Riders wait to board a Metrorail subway train. (Kevin Lamarque/Reuters)

TO UNDERSTAND the extent to which passengers are deserting Metrorail, thereby depriving it of revenue and raising doubts about the system’s financial viability, it is useful to compare ridership projections with reality.

As recently as three or four years ago, the projections were rosy. Today, as passengers are increasingly turned off by delays, disruptions and disasters, Metro appears to lack a strategy for recovery. Faced with a daily shortfall of tens of thousands of paying customers, Metro seems complacent, or possibly paralyzed.

After many years of growing demand, average weekday ridership has fallen by nearly 6 percent since 2010 (despite a small uptick last year). Sanguine Metro officials, mindful that forecasts of mass transit’s decline and death are cyclical, say the recent decline represents a blip and that long-term demand for subway transit will grow along with the region’s population. They note that stations and trains in the system’s urban core remain busy and crowded.

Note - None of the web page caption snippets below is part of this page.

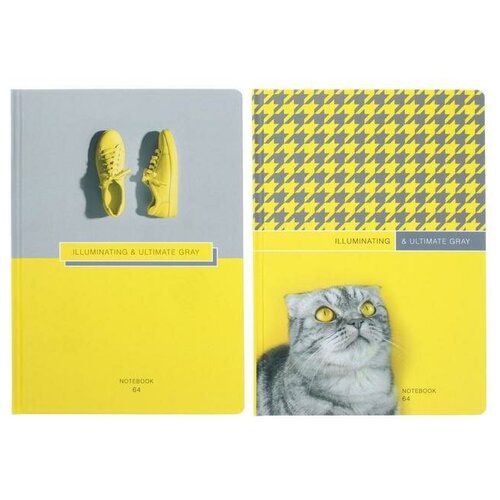 BG Бизнес-блокнот А5, 64 листа в клетку 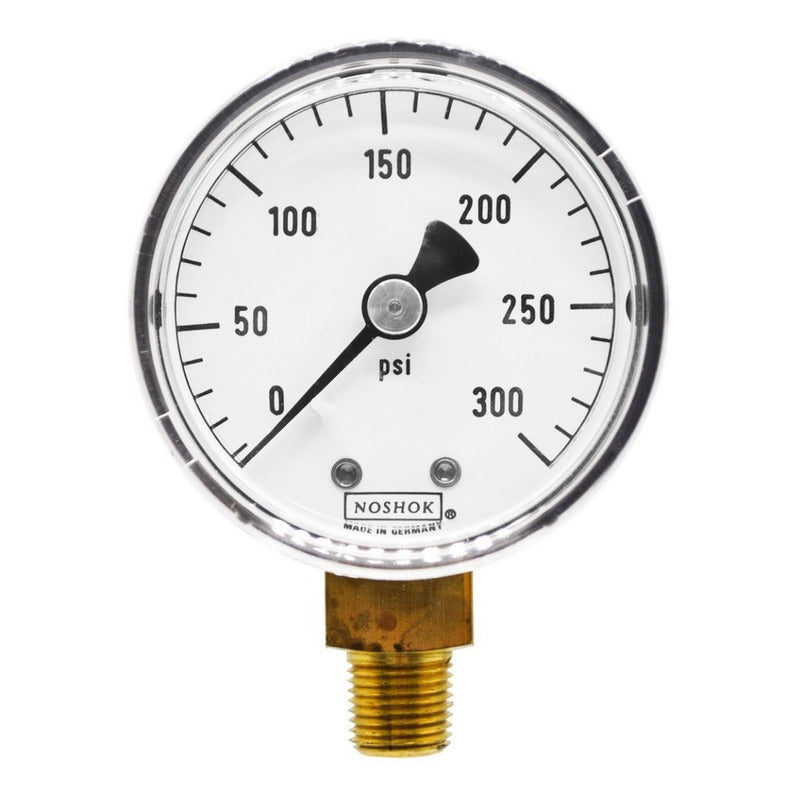 Manómetro Noshok Abs P/procesos Alimenticios, 300 Psi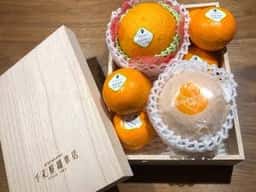 千疋屋総本店 玉川高島屋店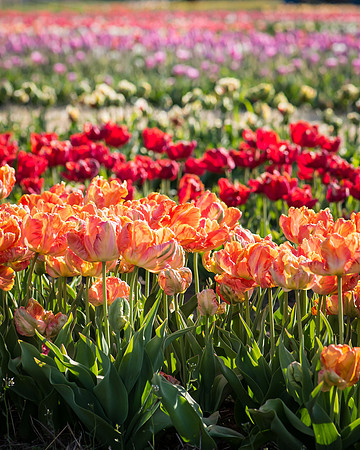 Wicked_Tulips-6904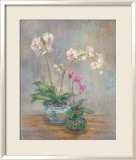 Orchid Heirloom I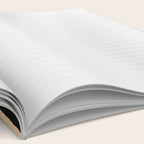 Abstract Figure  Notebook Gallery Image 2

Still, the recent numbers illustrate the transit system’s dilemma; if they represent a blip, it is a big one. In the fiscal year that ended in June, Metro averaged about 710,000 weekday riders — drastically short of projections for 900,000, set in 1999, and also short of the agency’s updated forecast of more than 800,000, made in 2008.

While the “Momentum” report proclaimed that “static or declining ridership is not likely to be in the region’s future,” static or declining ridership now seems all too possible. For its part, Metro says it is waiting on the development of complex new models of regional demand before it can devise — and, most likely, downgrade — updated ridership projections.

There are multiple reasons for the dip in subway ridership. The rise of telecommuting and alternative work schedules, along with federal job cuts, has pared demand. Falling gas prices have tempted some commuters back to their cars. Uber, Lyft and bike-sharing, particularly in the District, provide alternatives.

Yet as Metro acknowledged last week, word of its shoddy and unreliable service — busted escalators, chilling accidents and marathon commutes arising from quotidian mishaps and breakdowns — is also turning away passengers. Of all the “blips,” that may be the hardest one to shrug off, because it is the toughest to fix.

It is modestly good news that Metro finally recognizes that poor service is driving away passengers; the agency is now surveying riders (and, we assume, ex-riders) to discover how big a role it has played.

The problem is that Metro’s board cannot agree on a game plan, or even leadership qualifications for a new general manager, to treat what ails its rail service. One thing is not in doubt: The cost will be colossal, measured in billions of dollars. And it is anyone’s guess where those funds would come from in an environment where passengers, fed up with plummeting reliability, are loath to pay higher fares, and strapped regional funding partners are equally disinclined to increase their subsidies.